» Exercise description
The required output is the stretch from the line containing "Beach huts and boats - framed print" through the line containing "Abstract Art T-Shirt: Two Faces & Sun" in the records below, unaltered and with no pictures.

[Materials provided Boundary: Start]

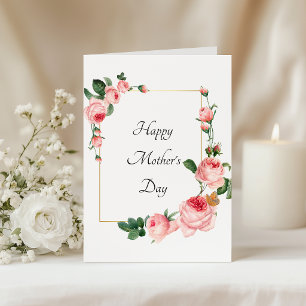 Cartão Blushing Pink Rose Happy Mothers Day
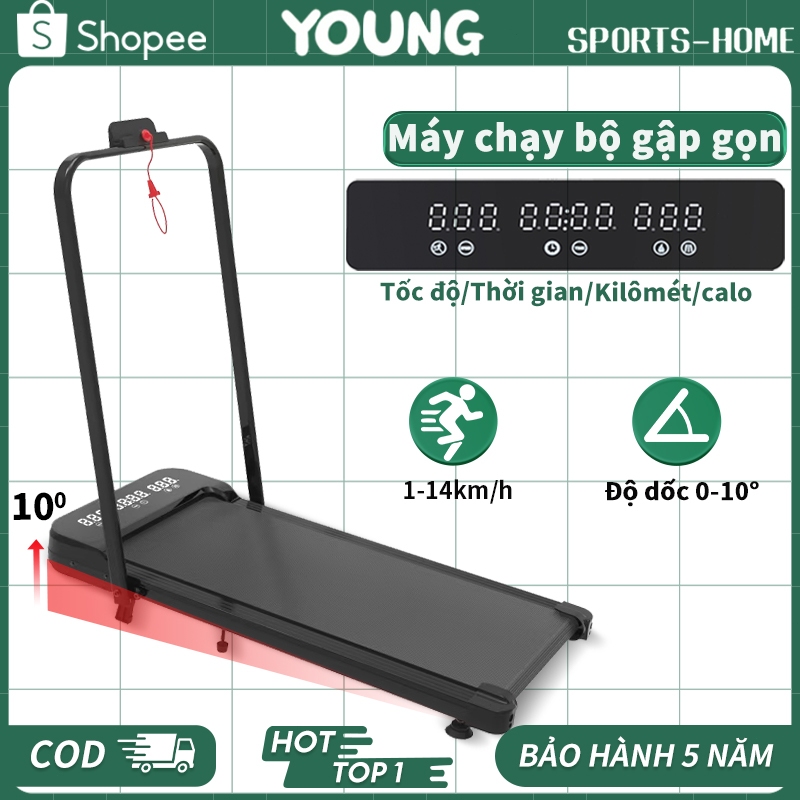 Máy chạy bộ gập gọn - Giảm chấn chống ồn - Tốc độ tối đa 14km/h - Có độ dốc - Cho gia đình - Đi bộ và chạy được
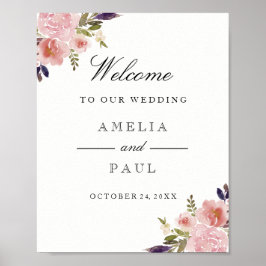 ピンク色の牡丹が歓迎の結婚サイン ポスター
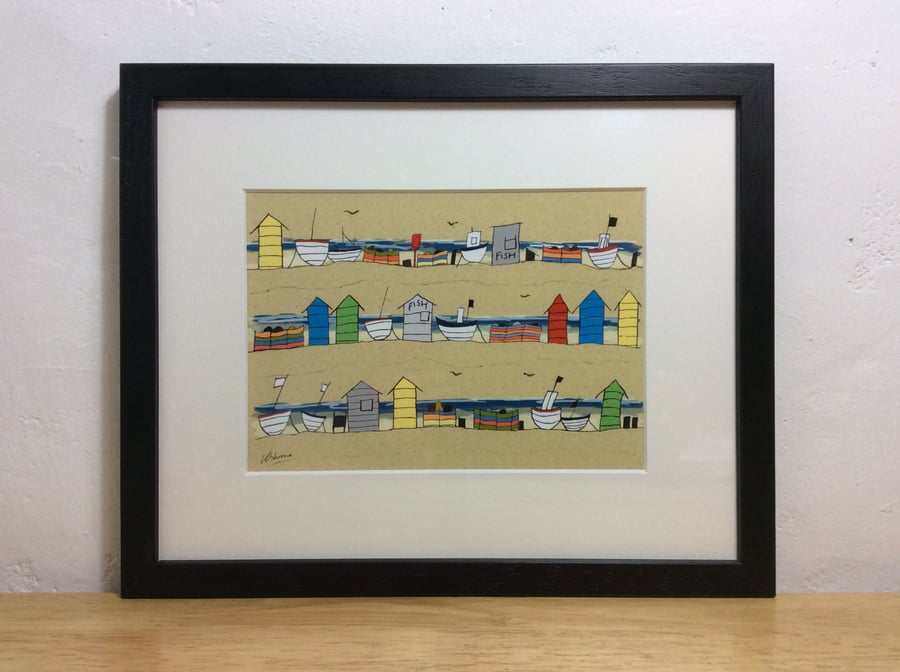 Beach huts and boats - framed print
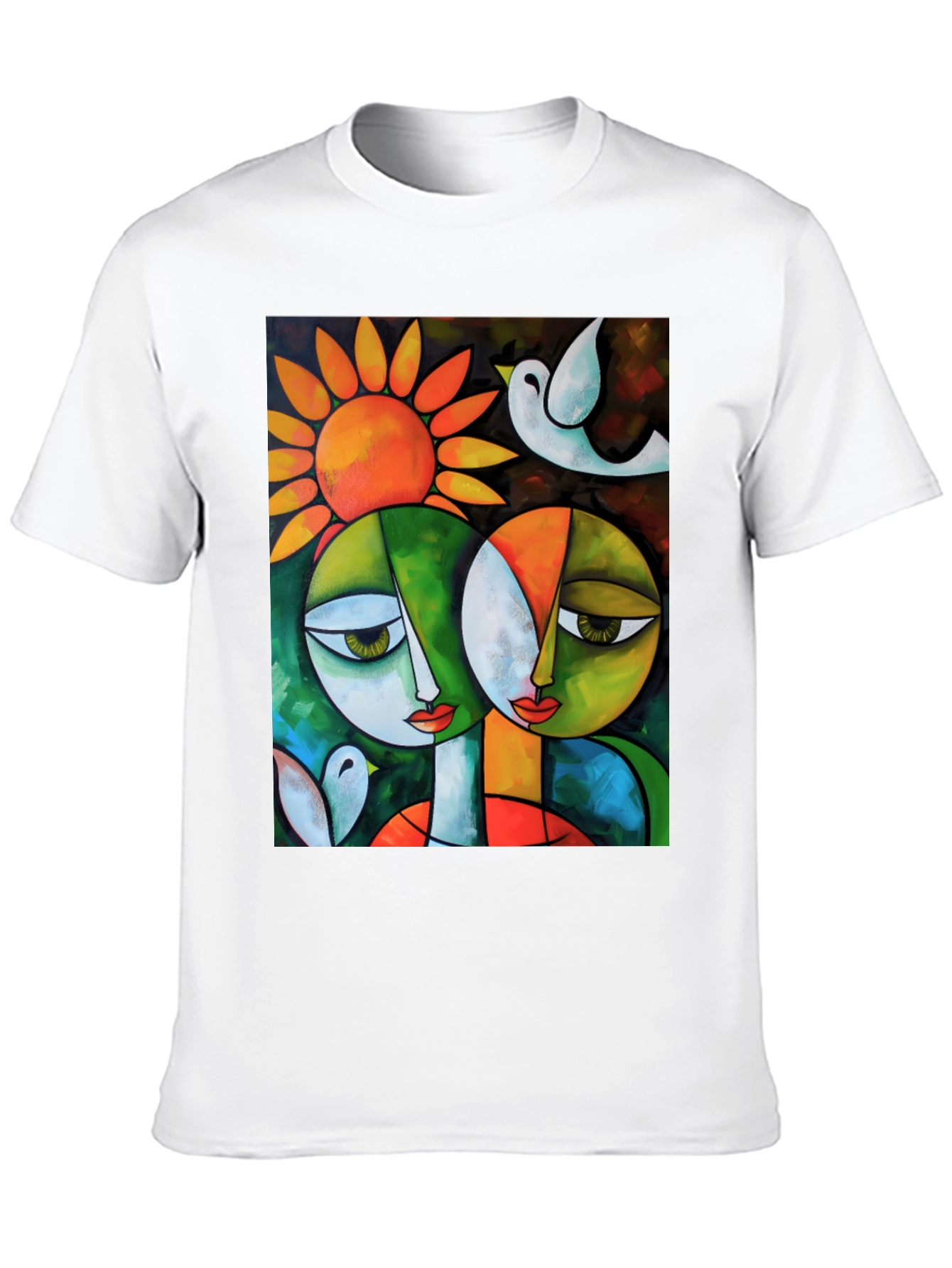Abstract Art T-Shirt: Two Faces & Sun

[Materials provided Boundary: End]
[Materials provided Boundary: Start]

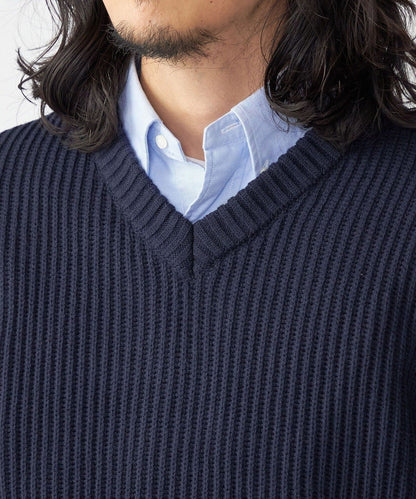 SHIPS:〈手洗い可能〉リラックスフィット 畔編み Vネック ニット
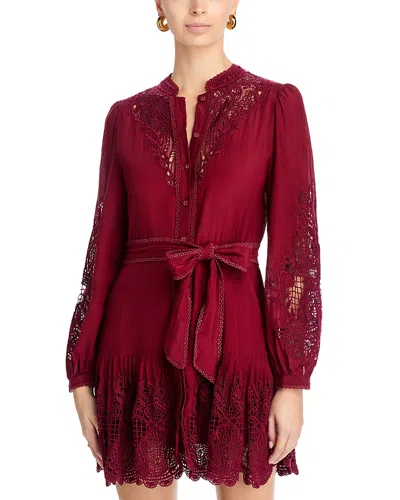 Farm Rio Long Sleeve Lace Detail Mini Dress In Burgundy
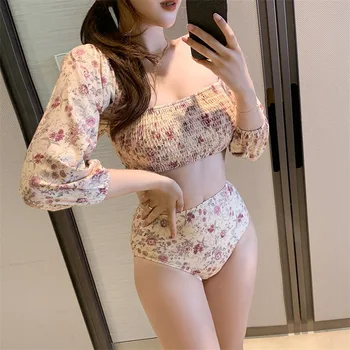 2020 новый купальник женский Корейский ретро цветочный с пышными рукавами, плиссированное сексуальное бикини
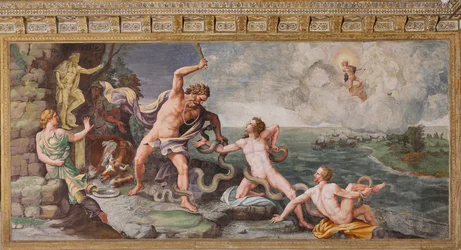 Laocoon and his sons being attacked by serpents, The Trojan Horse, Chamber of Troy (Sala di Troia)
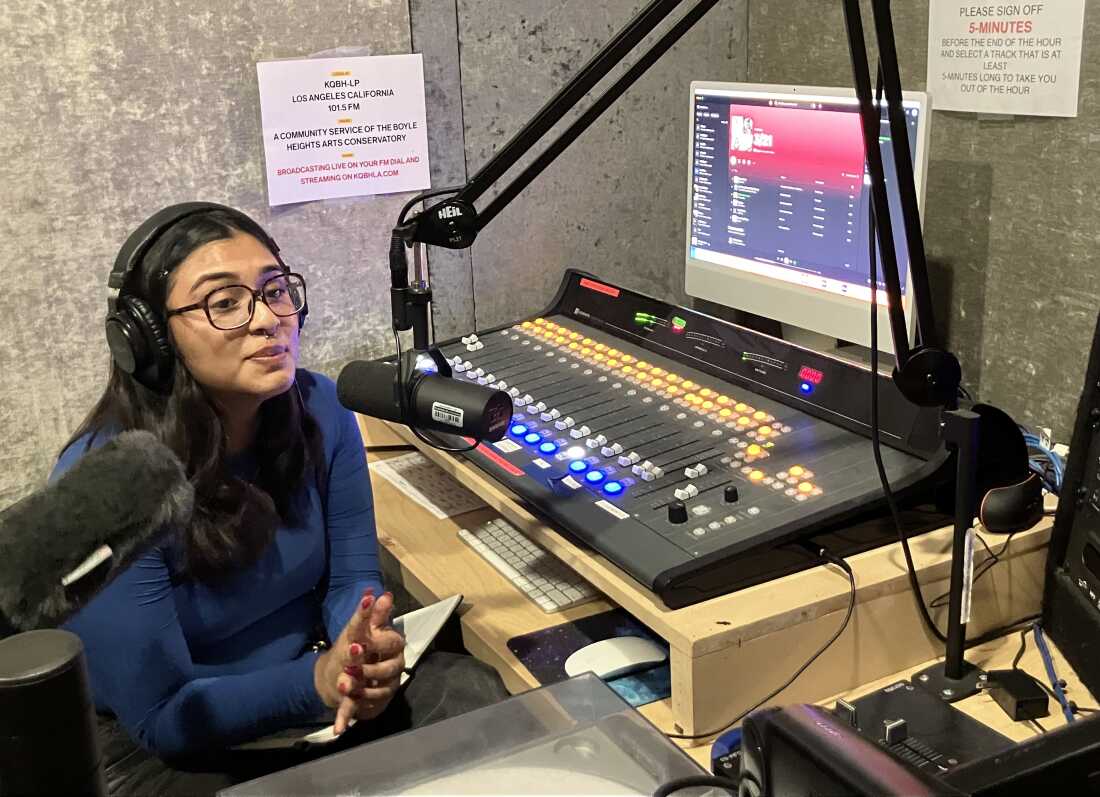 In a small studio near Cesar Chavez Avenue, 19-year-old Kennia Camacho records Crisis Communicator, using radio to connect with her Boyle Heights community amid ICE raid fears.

[Materials provided Boundary: End]
[Materials provided Boundary: Start]

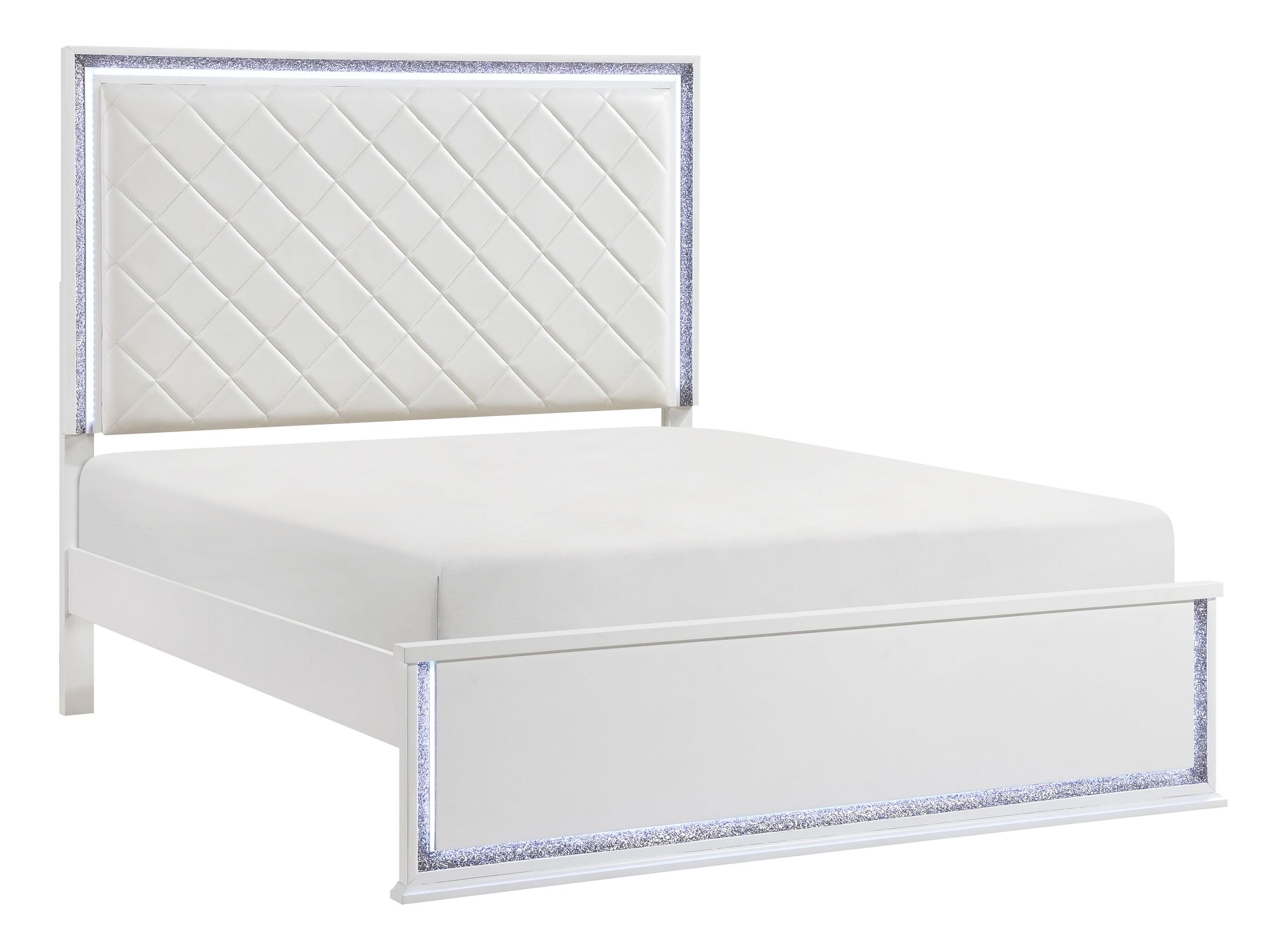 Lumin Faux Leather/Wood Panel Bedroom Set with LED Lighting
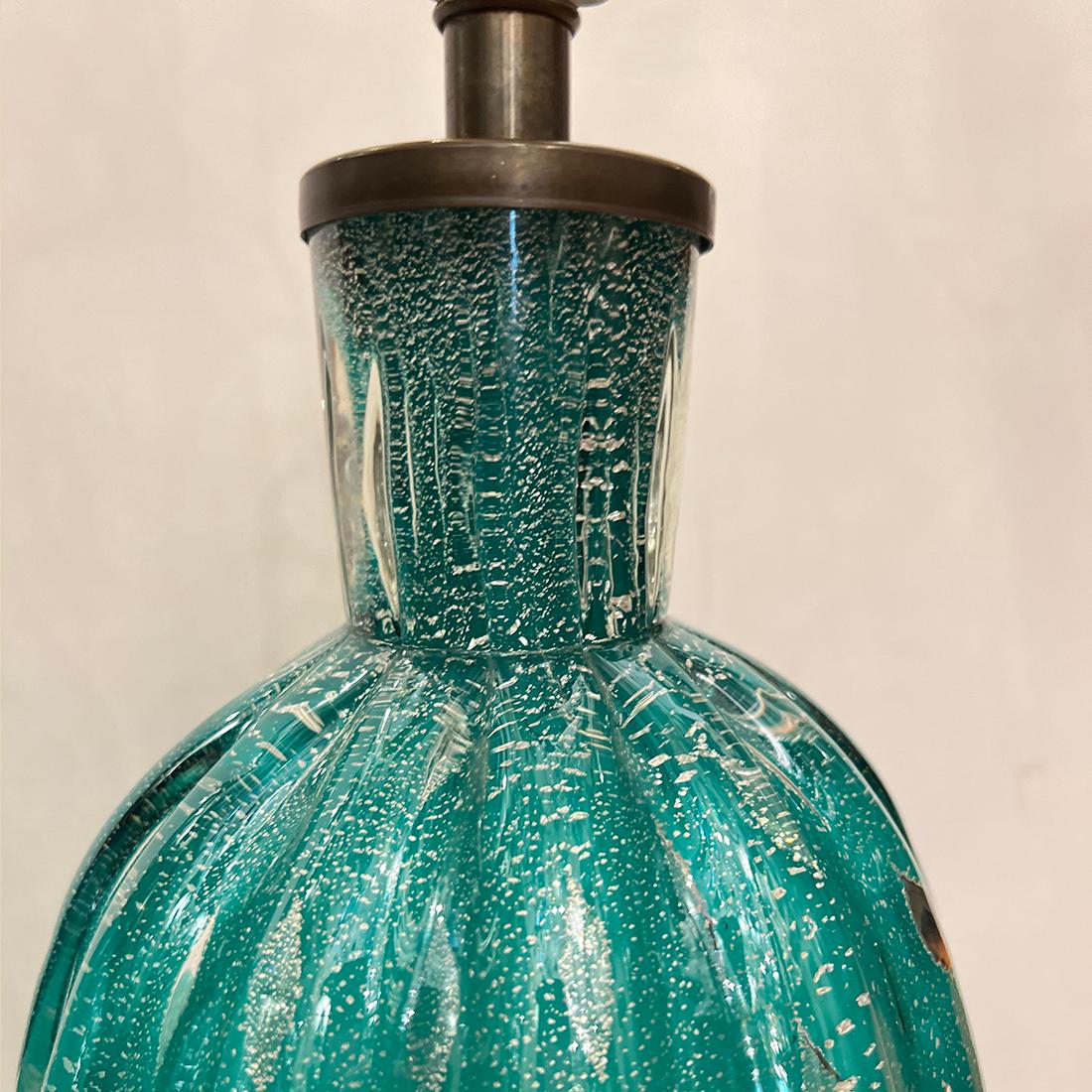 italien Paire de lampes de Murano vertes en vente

[Materials provided Boundary: End]

» Solution
 Beach huts and boats - framed print
Abstract Art T-Shirt: Two Faces & Sun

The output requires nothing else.